Ontario’s new cannabis market has retailers buzzing


It’s official: following through on a campaign promise, Ontario’s new Progressive Conservative government will be allowing private retailers to sell cannabis throughout the province. The rollout will see the government-run Ontario Cannabis Store (OCS) sell cannabis online only immediately after federal legalization on October 17, followed by hundreds of private brick-and-mortar stores that will be opening in spring of 2019.

The new framework is a radical shift in policy from the previous Liberal government, who planned to only sell cannabis in government-run OCS stores under the umbrella of the Liquor Control Board of Ontario. The new private retail system could see up to 500 retail licenses by next spring, a far larger number than the 40 government-run stores Wynne had promised and what critics called inadequate.

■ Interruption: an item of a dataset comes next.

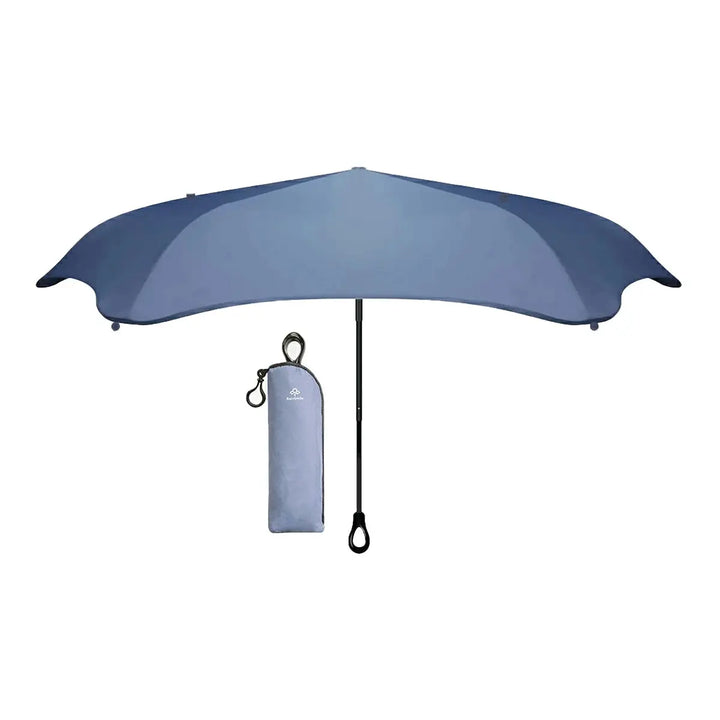 超撥水折りたたみ傘 RAINSMILE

Making the announcement after the markets closed on Monday, Attorney General Caroline Mulroney stressed that public safety is the province’s priority as it rolls out its new policy."We will be ready to put in place a safe, legal system for cannabis retail that will protect consumers," said the AG, "We will also be ready to undermine the illegal market and protect Ontario's roads.  Most importantly of all, we will be ready to protect our kids."

These new licensed retailers will operate under strict rules and guidelines, and will face stiff fines if they are found to violate any terms of the agreement. To help consumers know they are purchasing from a licensed retailer, the government will be issuing an Official Ontario Cannabis Retailer Seal. For those concerned about cannabis stores in their neighbourhood, there will be a retail “opt-out” clause available to municipalities which will prevent physical stores from opening within their boundaries. Queen’s Park will also be providing up to $40 million to local governments to help keep their communities safe.

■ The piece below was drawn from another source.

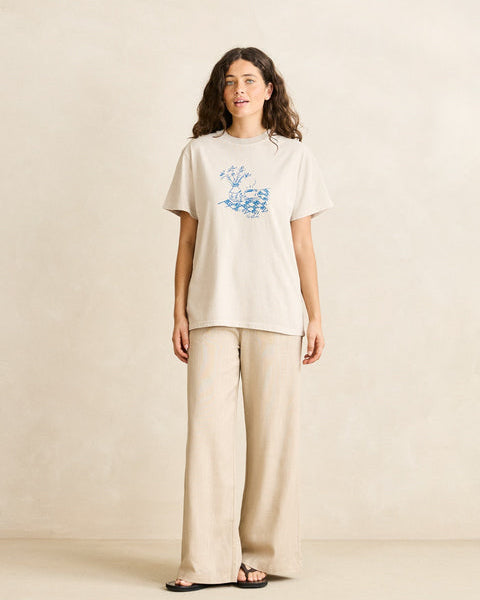 Simple Things Vintage Tee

Vic Fideli, Ontario’s Finance Minister, made it clear the government has no intention of getting involved in running brick and mortar stores. "Instead, we will work with private sector businesses to build a safe, reliable retail system that will divert sales away from the illegal market," he said.

You can bet Bay Street will be thrilled with the news, as a significant amount of investment is waiting to be untapped in the new private market system. It will be interesting to see how the markets react in the short and long term future as recreational cannabis becomes more mainstream overtime. Our expectation would be that as was the case with producers, the initial wave of retailers will be consolidated over time until only several large and dominant players (and perhaps a few boutiques) remain.